Wills and Estates – Last Will and Testament Law – South Carolina

Note:  This summary is not intended to be an all inclusive discussion of the law of wills in South Carolina, but does contain basic and other provisions.  A discussion of hand written wills is not included.

Who may make a will: A person who is of sound mind and who is not a minor as defined in Section 62-1-201(24) may make a will. 62-2-501.

Execution: A will shall be in writing, signed by the testator and shall be signed by at least two persons each of whom witnessed either the signing. 62-2-502.

Interested witness: No subscribing witness to any will, testament, or codicil may be held incompetent to attest or prove the same by reason of any devise, legacy, or bequest therein in favor of such witness or the husband or wife of such witness, by reason of any appointment therein of such witness or the husband or wife of such witness to any office, trust, or duty, or by reason of any charge therein of debts to any part of the estate in favor of such witness as creditor. Any such devise, legacy, or bequest is valid and effectual, if otherwise so, but unless there are two other and interested witnesses then so far as the property, estate, or interest so devised or bequeathed exceeds in value any property, estate, or interest to which such witness or the husband or wife of such witness would be entitled upon the failure to establish such will, testament, or codicil, such devise, legacy, or bequest is null and void to the extent of such excess. Any such appointment is valid, if otherwise so, and the person so appointed, in such case, is entitled by law to take or receive any commissions or other compensation on account thereof. 62-2-504.

Choice of law as to execution: A written will is valid if executed in compliance with South Carolina law either at the time of execution or at the date of the testator’s death or if its execution complies with the law at the time of execution of
(1) the place where the will is executed, or
(2) the place where the testator is domiciled at the time of execution or at the time of death. 62-2-505.
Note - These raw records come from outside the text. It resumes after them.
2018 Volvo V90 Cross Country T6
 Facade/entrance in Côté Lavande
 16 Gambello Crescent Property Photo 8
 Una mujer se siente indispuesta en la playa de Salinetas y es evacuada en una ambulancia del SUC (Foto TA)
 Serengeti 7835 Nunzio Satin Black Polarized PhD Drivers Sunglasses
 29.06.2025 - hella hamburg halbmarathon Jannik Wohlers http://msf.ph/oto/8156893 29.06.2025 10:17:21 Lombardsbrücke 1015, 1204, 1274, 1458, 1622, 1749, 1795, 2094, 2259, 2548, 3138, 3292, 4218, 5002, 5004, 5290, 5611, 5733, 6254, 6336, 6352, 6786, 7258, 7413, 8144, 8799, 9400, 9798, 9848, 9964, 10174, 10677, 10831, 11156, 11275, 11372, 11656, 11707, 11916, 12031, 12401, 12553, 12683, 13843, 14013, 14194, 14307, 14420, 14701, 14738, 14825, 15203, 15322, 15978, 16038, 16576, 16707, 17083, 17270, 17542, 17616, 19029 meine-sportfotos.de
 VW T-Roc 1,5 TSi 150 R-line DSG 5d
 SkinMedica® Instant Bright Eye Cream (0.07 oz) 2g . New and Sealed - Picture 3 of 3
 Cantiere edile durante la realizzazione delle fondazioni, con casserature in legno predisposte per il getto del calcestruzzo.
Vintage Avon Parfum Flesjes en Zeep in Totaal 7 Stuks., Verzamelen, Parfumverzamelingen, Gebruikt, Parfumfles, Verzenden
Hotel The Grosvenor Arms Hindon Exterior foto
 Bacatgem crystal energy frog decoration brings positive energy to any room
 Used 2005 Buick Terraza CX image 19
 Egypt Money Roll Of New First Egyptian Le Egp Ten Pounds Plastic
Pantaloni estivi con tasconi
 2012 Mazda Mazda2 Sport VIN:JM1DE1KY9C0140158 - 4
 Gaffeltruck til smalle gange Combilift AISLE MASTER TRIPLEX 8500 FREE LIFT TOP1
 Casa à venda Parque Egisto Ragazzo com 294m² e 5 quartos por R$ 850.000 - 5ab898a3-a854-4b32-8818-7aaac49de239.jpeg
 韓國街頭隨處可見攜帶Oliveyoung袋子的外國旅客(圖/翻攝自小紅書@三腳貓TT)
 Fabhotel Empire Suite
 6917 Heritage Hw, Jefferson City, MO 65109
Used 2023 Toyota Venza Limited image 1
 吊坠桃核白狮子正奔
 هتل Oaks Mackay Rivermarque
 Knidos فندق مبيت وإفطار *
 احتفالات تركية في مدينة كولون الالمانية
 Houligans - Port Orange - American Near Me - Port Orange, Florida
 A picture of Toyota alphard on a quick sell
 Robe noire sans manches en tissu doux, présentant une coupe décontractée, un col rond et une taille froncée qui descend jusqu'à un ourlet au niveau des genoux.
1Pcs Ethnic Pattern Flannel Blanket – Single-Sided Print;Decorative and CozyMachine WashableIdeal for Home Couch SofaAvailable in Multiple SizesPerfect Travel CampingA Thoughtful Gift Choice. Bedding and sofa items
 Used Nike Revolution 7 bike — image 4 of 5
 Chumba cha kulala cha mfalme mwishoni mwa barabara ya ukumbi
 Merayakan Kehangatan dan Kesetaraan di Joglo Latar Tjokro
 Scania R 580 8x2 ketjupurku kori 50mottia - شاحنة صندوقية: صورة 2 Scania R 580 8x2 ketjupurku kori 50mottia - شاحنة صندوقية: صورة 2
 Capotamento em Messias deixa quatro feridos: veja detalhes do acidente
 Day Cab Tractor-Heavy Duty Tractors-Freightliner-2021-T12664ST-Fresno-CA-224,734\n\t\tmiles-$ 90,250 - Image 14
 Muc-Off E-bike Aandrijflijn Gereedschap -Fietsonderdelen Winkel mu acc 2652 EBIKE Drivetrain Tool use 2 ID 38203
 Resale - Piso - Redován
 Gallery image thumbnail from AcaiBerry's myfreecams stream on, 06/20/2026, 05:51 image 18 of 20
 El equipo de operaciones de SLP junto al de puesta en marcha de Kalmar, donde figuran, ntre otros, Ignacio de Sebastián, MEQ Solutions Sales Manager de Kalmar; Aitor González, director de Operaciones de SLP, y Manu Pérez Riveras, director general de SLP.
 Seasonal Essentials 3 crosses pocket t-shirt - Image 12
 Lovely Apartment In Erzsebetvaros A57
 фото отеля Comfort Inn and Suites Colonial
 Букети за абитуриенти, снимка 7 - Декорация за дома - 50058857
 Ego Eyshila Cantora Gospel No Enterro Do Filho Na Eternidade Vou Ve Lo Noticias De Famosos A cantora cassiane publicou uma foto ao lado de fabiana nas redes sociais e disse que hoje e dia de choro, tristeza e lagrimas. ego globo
Revocation by writing or by act: A will or any part thereof is revoked:
(1) by a subsequent will which revokes the prior will or part expressly or by inconsistency; or
(2) by being burned, torn, canceled, obliterated, or destroyed, with the intent and for the purpose of revoking it by the testator or by another person in the testator’s presence and by the testator’s direction. 62-2-506.

Revocation by divorce, annulment, and order terminating marital property rights; no revocation by other changes of circumstances: If after executing a will the testator is divorced or his marriage annulled or his spouse is a party to a valid proceeding concluded by an order purporting to terminate all marital property rights or confirming equitable distribution between spouses, the divorce or annulment or order revokes any disposition or appointment of property including beneficial interests made by the will to the spouse, any provision conferring a general or special power of appointment on the spouse, and any nomination of the spouse as executor, trustee, conservator, or guardian, unless the will expressly provides otherwise. If provisions are revoked solely by this section, they are revived by testator’s remarriage to the former spouse. 62-2-507.

Incorporation by reference: Any writing in existence when a will is executed may be incorporated by reference if the language of the will manifests this intent and describes the writing sufficiently to permit its identification. 62-2-509.

Separate writing identifying bequest of tangible property: A will may refer to a written statement or list to dispose of items of tangible personal property not otherwise specifically disposed of by the will, other than money and property used in trade or business. To be admissible under this section as evidence of the intended disposition, the writing must either be in the handwriting of the testator or be signed by the testator and must describe the items and the devisees with reasonable certainty. The writing may be referred to as one to be in existence at the time of the testator’s death; it may be prepared before or after the execution of the will; it may be altered by the testator after its preparation; and it may be a writing that has no significance apart from its effect upon the dispositions made by the will. 62-2-512.